Monitoring Deep Learning Clusters

You can monitor Deep Learning clusters using the Ganglia monitoring service and TensorBoard, a visualization tool provided by TensorFlow. You can use it to visualize TensorFlow graph, plot quantitative metrics about the graph execution, and show additional data-kind of images that pass through it.

You can enable Ganglia or Tensor Board monitoring service on a Deep Learning cluster as described below:

  • Ganglia monitoring: It is supported as in other cluster types. Enable Ganglia Monitoring on the cluster UI’s Advanced Configuration > MONITORING. For more information, see Performance Monitoring with Ganglia.

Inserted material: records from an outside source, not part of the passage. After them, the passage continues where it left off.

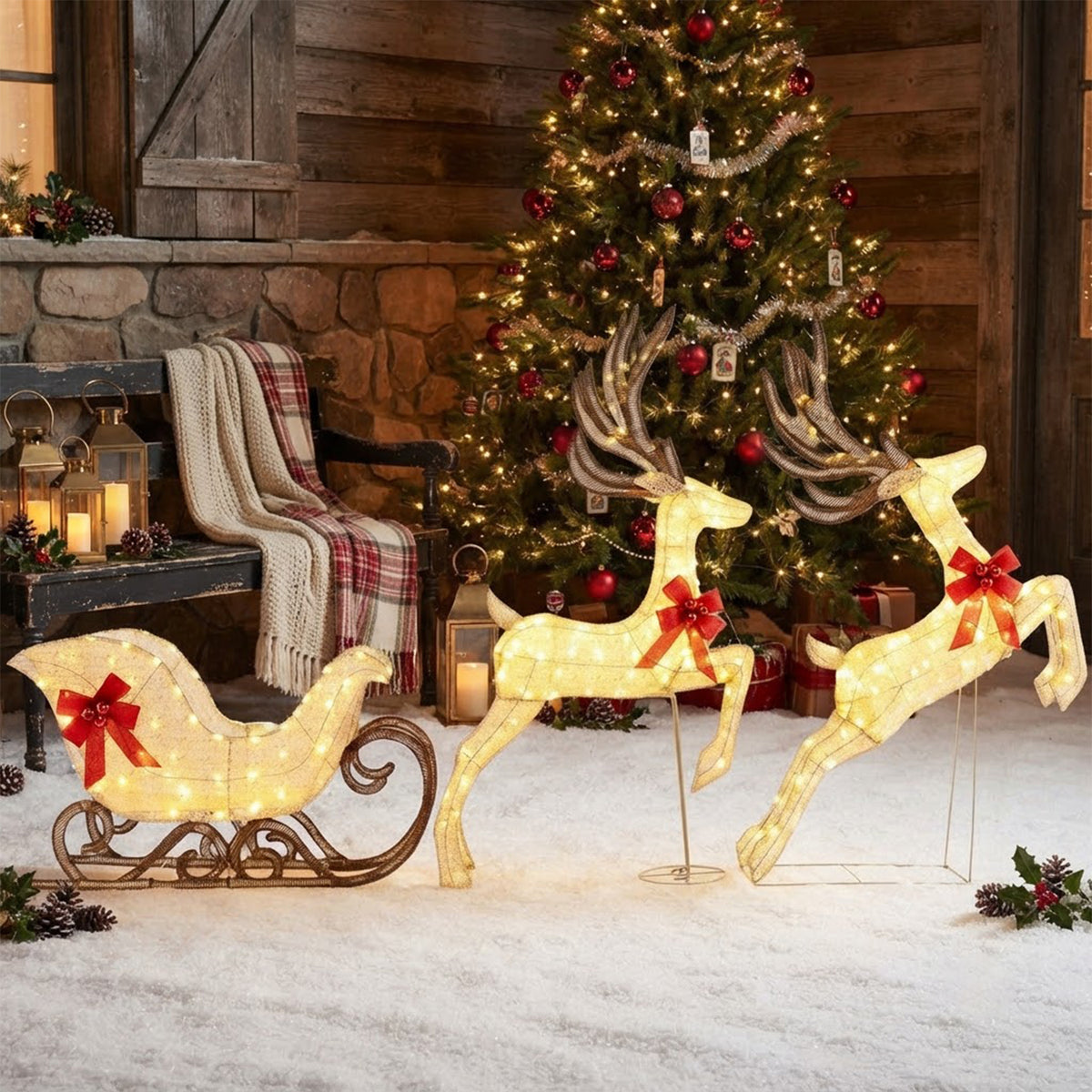 Set of 3 Pre-Lit Christmas Reindeer and Sleigh 280 Warm White LED Lawn Decor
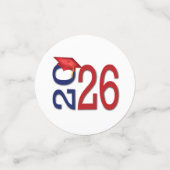 Rood en blauw Afstuderen 2025 Confetti (Kleine voorkant)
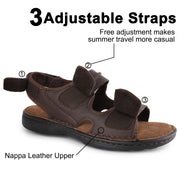 riemot Men's Sandals Leather Casual Open Toe Beach Sandal Summer Outdoor Walking Hiking Fisherman Sandals with Adjustable Strap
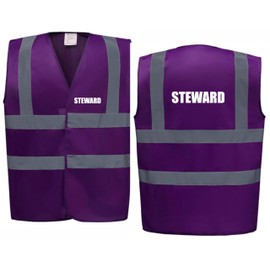 Brook Hi Vis Premium Safety Vest - STEWARD Printed Front & Back, Event Management High Viz Waistcoat, Available in 14 Colours, Festivals (Purple, Large)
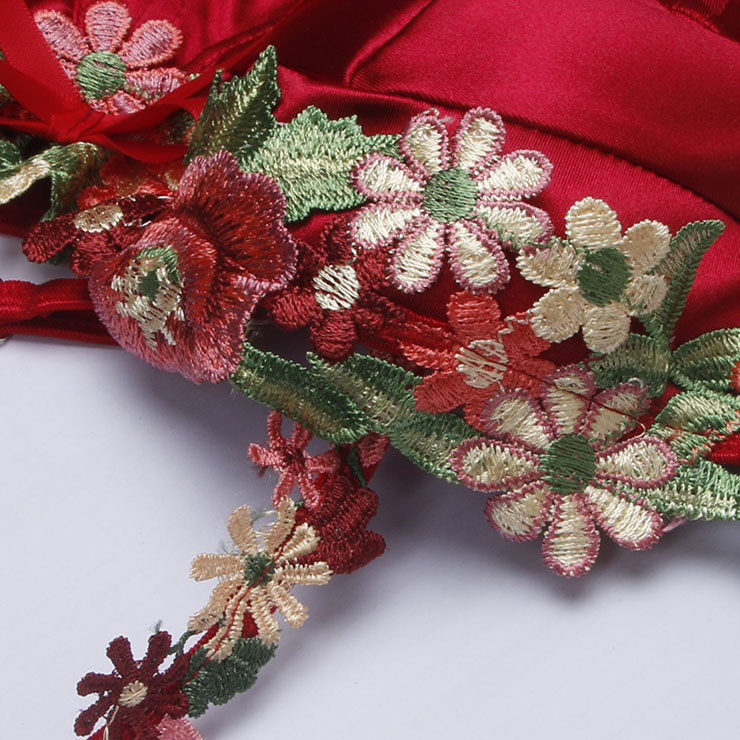 red satin shapewear, vintage corset, floral lace appliqué, adjustable straps, romantic lingerie, Valentine‘s Day gift, wedding shapewear, elegant shapewear, silky elastic fabric, feminine silhouette #N237824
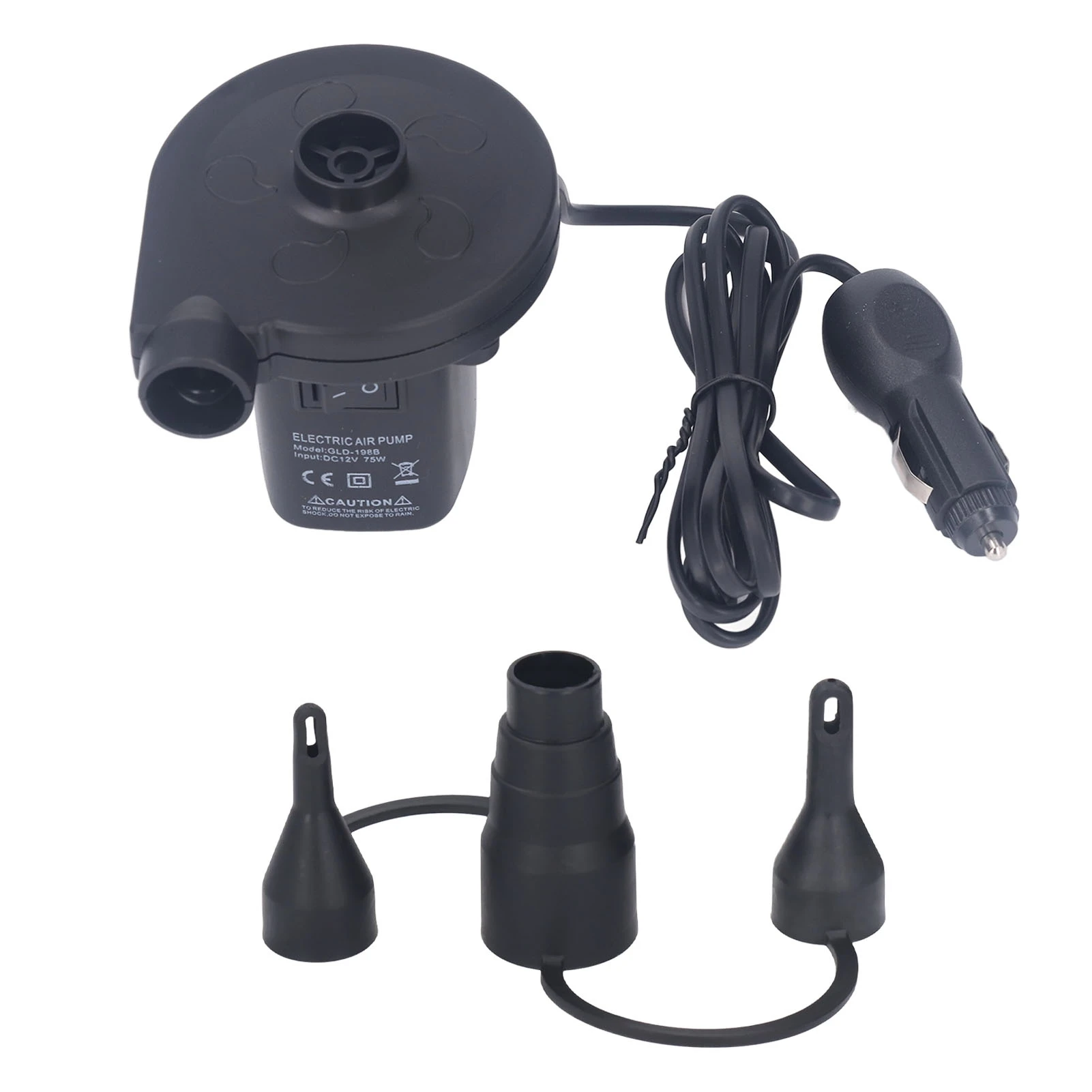 Electric Air Pump 75W Low Noise Portable Inflator Deflator Pump with 3 Nozzle DC12V
Electric Air Pump 75W Low Noise Portable Inflator Deflator Pump with 3 Nozzle DC12V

  • TensorBoard: Follow these steps to enable TensorBoard:

    1. Qubole has created a library (QDLpy) which enables you to write TensorFlow metrics in HDFS, which gets used by TensorBoard. Import the library by running from qdlpy import DLD.

    2. Register a program to TensorBoard by adding this code snippet to the code:

      DLD.register(['tensorboard'], "project_name")["tensorboard_hdfs_path"])

    3. Create a FileWriter using the location registered by qdlpy.

    4. Print the session graph writer by using this code:

      tf.summary.FileWriter(tensorboard_hdfs_path, sess.graph)

    5. Pass the result of evaluating any summary operation using tf.Session.run or tf.Tensor.eval.

Viewing Ganglia Metrics

In the Clusters UI page, the Resources against an Ganglia-enabled active Deep Learning cluster lists down the Ganglia monitoring.

Click Ganglia Monitoring and to check the GPU metrics on Ganglia for a specific node, follow these steps:

  • Select the node IP from the Ganglia home page
  • Select GPU metrics from the list of options.
  • See various GPU related graphs such as GPU memory in use, utilization, and fan speed.

Viewing TensorBoard Metrics

In the Clusters UI page, the Resources against a TensorBoard-enabled active Deep Learning cluster lists down the Deep Learning Apps as shown here.

../../../_images/DLClusterResources1.png

Click Deep Learning Apps to see the TensorBoard metrics. The project that you had registered using DLD contains the graphs related to that run.